Phyllo which means leaf in Greek is a type of unleavened flour dough and is characterized by its paper-thinness. It is achieved through a very complex lamination that involves not only a fat, like butter or margarine, but also oil.
It is believed that bougatsa originated in the northeastern Greek region of Macedonia, Serres to be particular, because most immigrant Greeks established themselves there after the Greek-Turkish war of 1922.
It was extremely popular in the northern Greek port of Thessaloniki as the Thessalonians found it to be a meal that would keep them full from the time they left for work until it was time to break.
Making bougatsa phyllo pastry requires skilled bakers and difficult techniques.
Philippos Bandis, the owner of the Bougatsa Bantis and a bougatsa artisan in Thessaloniki, is one of the few producers left still making phyllo by hand.
He said preparing flour is the most important and difficult part to get authentic bougatsa.
"We don't want the dough to be hot because it will break. To make the edges, you need a lot of practice and experience to make them thin as in the center of the fold. All this phyllo must be the same everywhere. This is the most difficult part. Of course you must not have holes,” said Philippos.

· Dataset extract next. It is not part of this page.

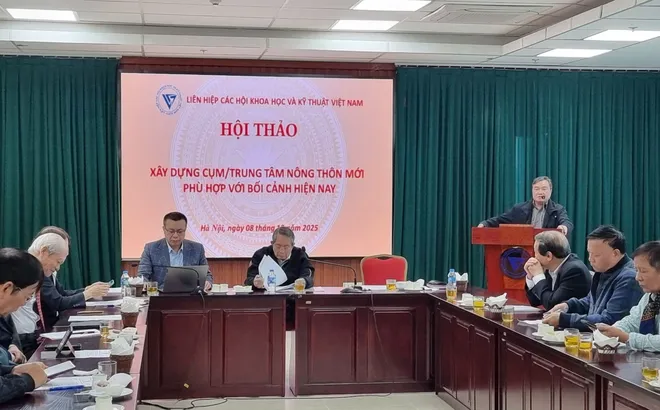 “Xây dựng cụm, trung tâm nông thôn mới phù hợp với bối cảnh hiện nay”.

According to Greek tradition, bougatsa is prepared for breakfasts and served hot or warm with coffee. It is baked in a large pie dish then cut into small squares and sprinkled with icing sugar and cinnamon.
Bougatsa is made from phyllo pastry and garnished with a type of custard made with semolina and vanilla. The cream itself is made of milk, butter, sugar, eggs and fine semolina.
Bougatsa can also be made with different types of savory fillings, such as cheese, vegetables or meat ground with onion and pepper.
Philippos said the taste of bougatsa varies between regions in Greece. For example, bougatsa in Veria is very sweet and full of cream.
According to Philippos, there’s some difference for the most popular breakfast in north Greece.
“This bougatsa, here in Thessaloniki, we try to make more crunch in the phyllo. In Ceres, the other town, they make the phyllo softer. It's a little different,” said Philippos.
Most modern bougatsa is made with machine-made phyllo, but some cafes and bakeries, selling hand-made bougatsa, still exist, especially in smaller towns and villages of Greece.
According to Philippos, hand-made bougatsta tastes better than machine-made, and he considers making bougatsa by hand an art.
“The number of people that make bougatsa, has dropped year by year and this art seems to be disappearing. It's a pity though there’s another kind of food, the bougatsa made by machine. So I want to show the young people that it's a beautiful job,” he said.